▶ [TASK TO CARRY OUT]: Only the lines below starting at the one containing "Epilepsy Awareness Faith" and ending at the one containing "Probability Theory: The" belong in the answer, each copied exactly.

▶ [LISTED RECORDS]:

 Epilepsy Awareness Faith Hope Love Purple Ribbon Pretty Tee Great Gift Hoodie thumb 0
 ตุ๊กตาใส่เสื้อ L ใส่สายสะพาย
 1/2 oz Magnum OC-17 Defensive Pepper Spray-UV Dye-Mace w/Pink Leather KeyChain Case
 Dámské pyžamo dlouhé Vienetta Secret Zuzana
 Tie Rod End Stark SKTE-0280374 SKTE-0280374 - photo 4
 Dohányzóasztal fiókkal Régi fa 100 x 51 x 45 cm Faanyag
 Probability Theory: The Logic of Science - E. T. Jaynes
...
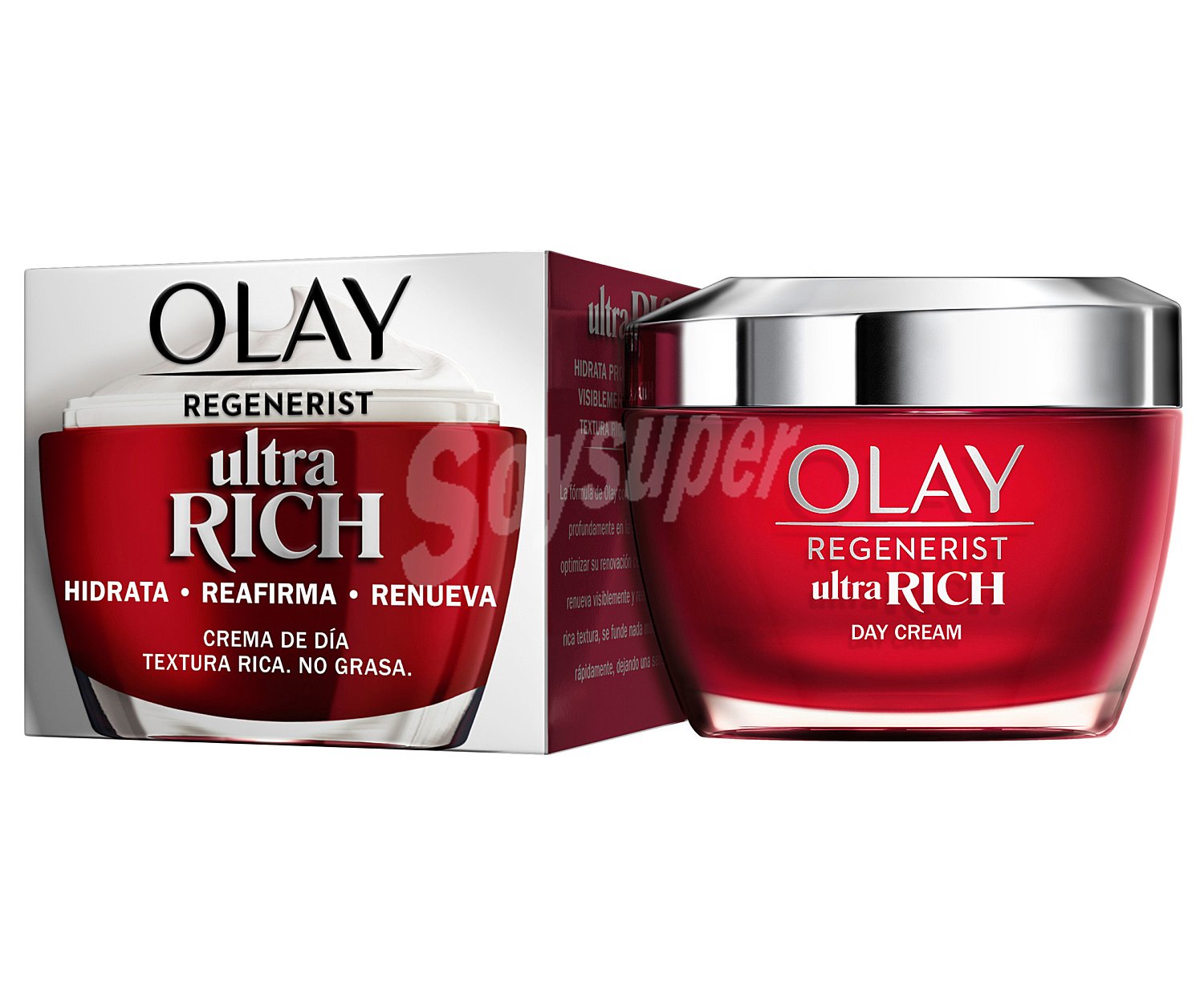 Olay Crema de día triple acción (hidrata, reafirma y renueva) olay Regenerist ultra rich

▶ [EXPECTED ANSWER]:
 Epilepsy Awareness Faith Hope Love Purple Ribbon Pretty Tee Great Gift Hoodie thumb 0
 ตุ๊กตาใส่เสื้อ L ใส่สายสะพาย
 1/2 oz Magnum OC-17 Defensive Pepper Spray-UV Dye-Mace w/Pink Leather KeyChain Case
 Dámské pyžamo dlouhé Vienetta Secret Zuzana
 Tie Rod End Stark SKTE-0280374 SKTE-0280374 - photo 4
 Dohányzóasztal fiókkal Régi fa 100 x 51 x 45 cm Faanyag
 Probability Theory: The Logic of Science - E. T. Jaynes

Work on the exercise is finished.